Li errado Nietzsche durante toda a minha vida. Não errava exatamente o que ele estava dizendo, mas errava integralmente o sentido do que ele estava dizendo. Pior: meu erro era alimentado pela leitura que o século XX fez dele. Quanbdo eu lia os bons filósofos, justificava a minha leitura errada, porque a deles estava igualmente errada.
Porque eu lia errado? Porque não conhecia o fundo histórico de seus textos, seus diários, os livros que lia, as cartas que trocou. Só conhecia as palavras. E com elas a gente faz o que quiser. Com o discurso da pessoa, não. Mas com as palavras escritas, faz-se o que se desejar. E eu fiz. Eu e os filósofos que eu lia. Fazíamos de Nietzsche um escritor de que nos orgulharíamos.

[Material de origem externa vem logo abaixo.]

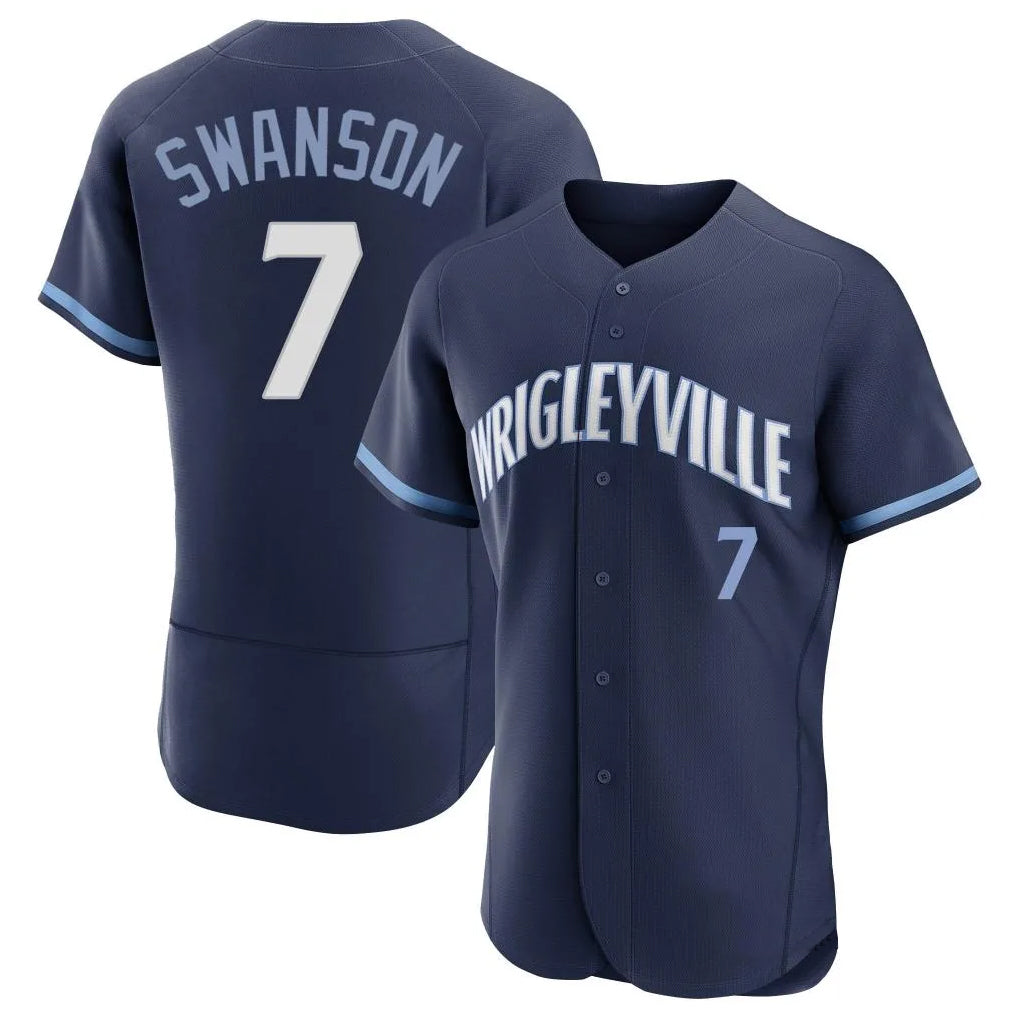 CBdoa C.Cubs #7 Dansby Swanson Player Navy City Connect Limited Elite Home Stitched Jerseys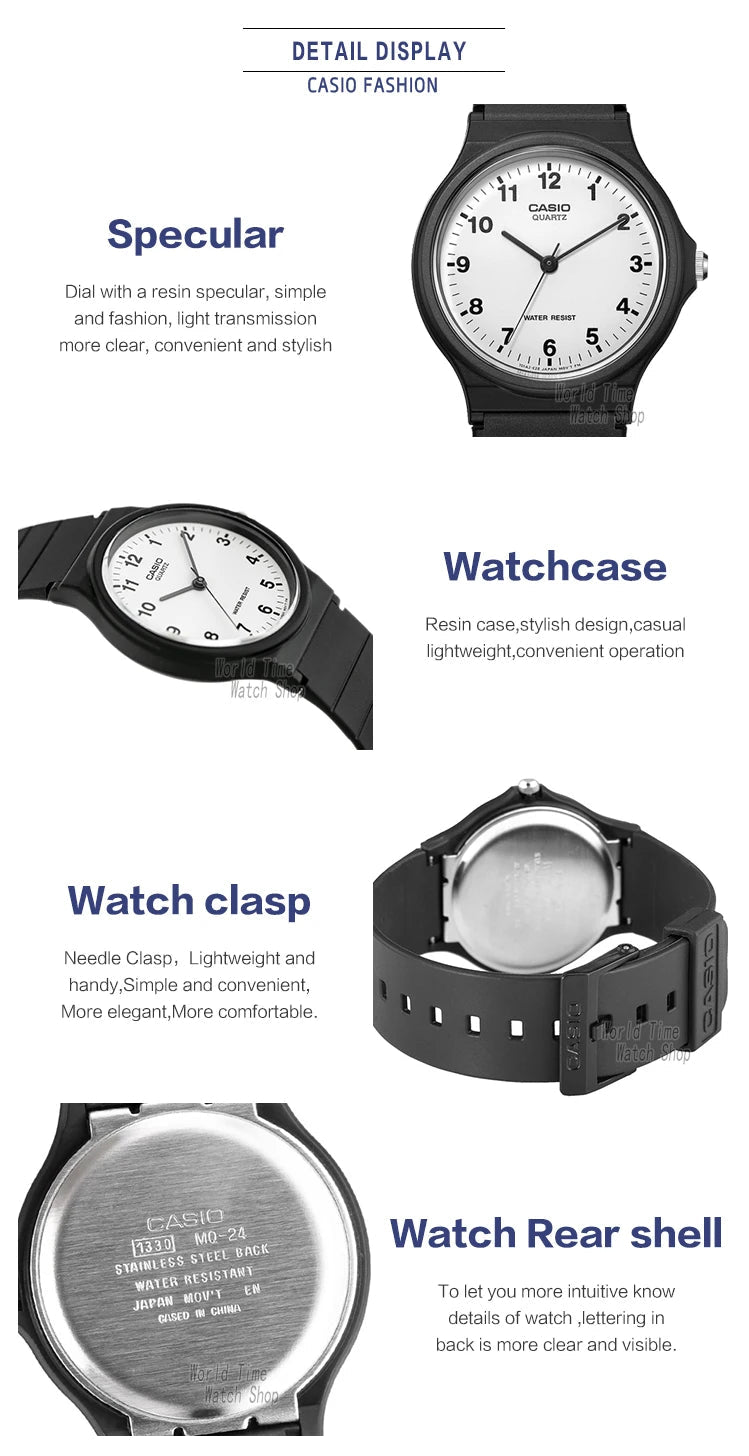 Casio Watch Classic Stylish Simplicity Design Digital Display Quartz Movement Water Resistant Men's And Women's MQ-24-7B/7B2 - Tara's Tiny Treasures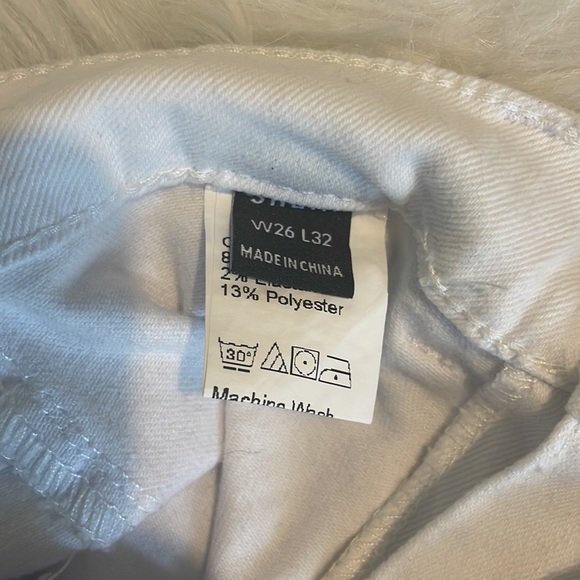 SHEIN white tall slant ripped skinny jeans size small - Picture 7 of 7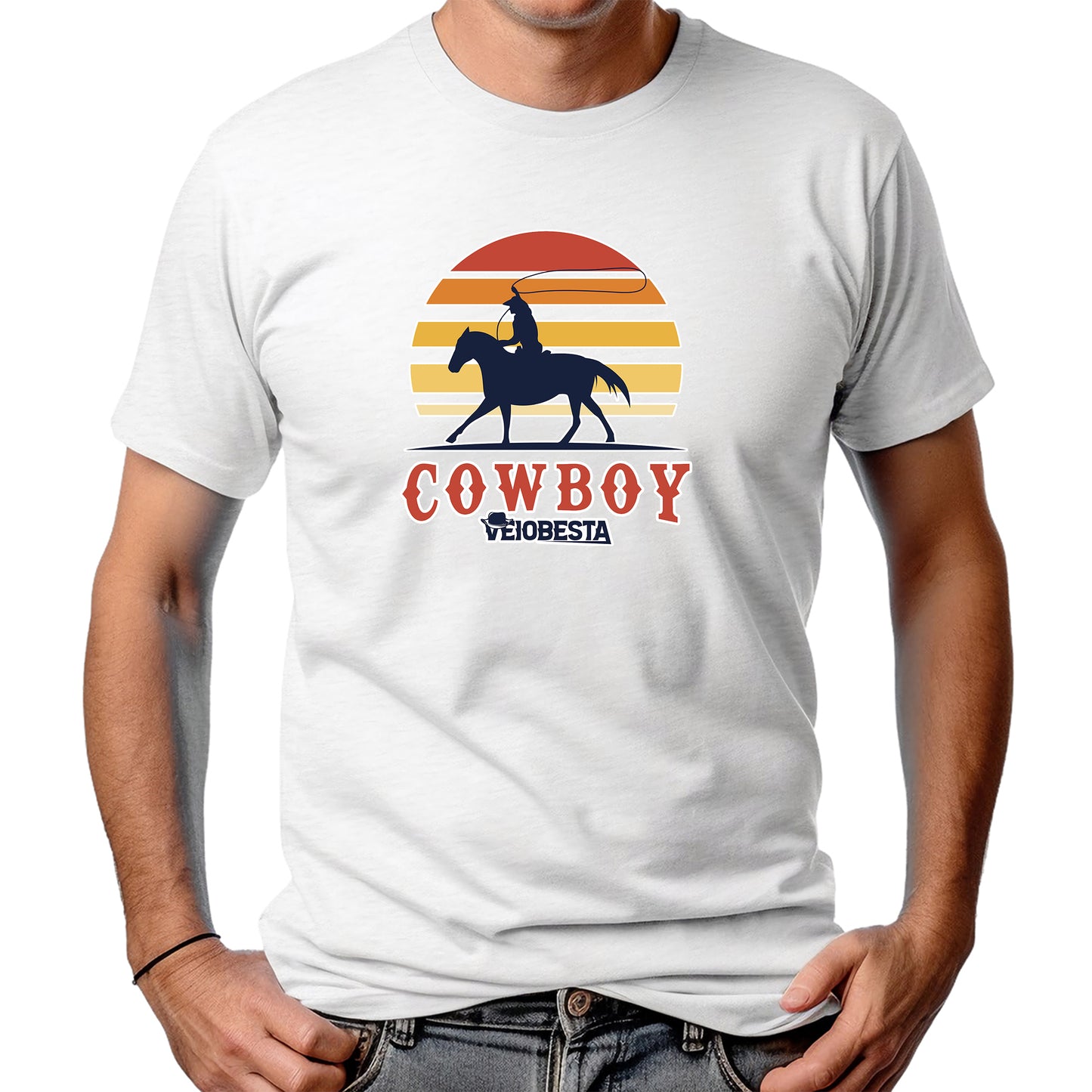CAMISETA MASCULINA COWBOY VEIOBESTA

Até que bateu-me de frente uma Scania carregada... Era Domenico Losurdo. A princípio, julguei que fosse historiador. Um primor de trabalho, ele fez, e tanto, que pensei que fosse historiador. Mas é filósofo. Só não quis manejar Nietzsche de acordo com seu interesse pessoal, mas quis conhecê-lo. E como! Desmontou toda a minha leitura, toda. Não ficou nada de pé. E sem a retórica filosófica - no fundo, a mesma técnica dos púlpitos. Domenico Losurdo não diz uma frase sem apresentar a evidência, mais do que os argumentos...
Acho que o mesmo ocorre com os leitores da Bíblia. Leem errado. Totalmente errado. E, quando vão às igrejas, reforça-se o seu erro ainda mais. E erram porque, além da dificuldade colossal que têm com textos, não conhecem praticamente nada dos textos, da Bíblia, do tempo, do mundo. Nada. Tratam o texto como um espelho doutrinário e, mais recentemente, mágico-narcisista.
Há Domenicos Losurdos à vontade para corrigir esse modo deficiente, errado, pervertido, de ler a Bíblia. Mas, diferentemente de meu caso, que desejava ardentemente conhecer a história, parece que os crentes desejam mesmo é a sensação hipnótica de ler como leem... Logo, não há cura prevista e possível.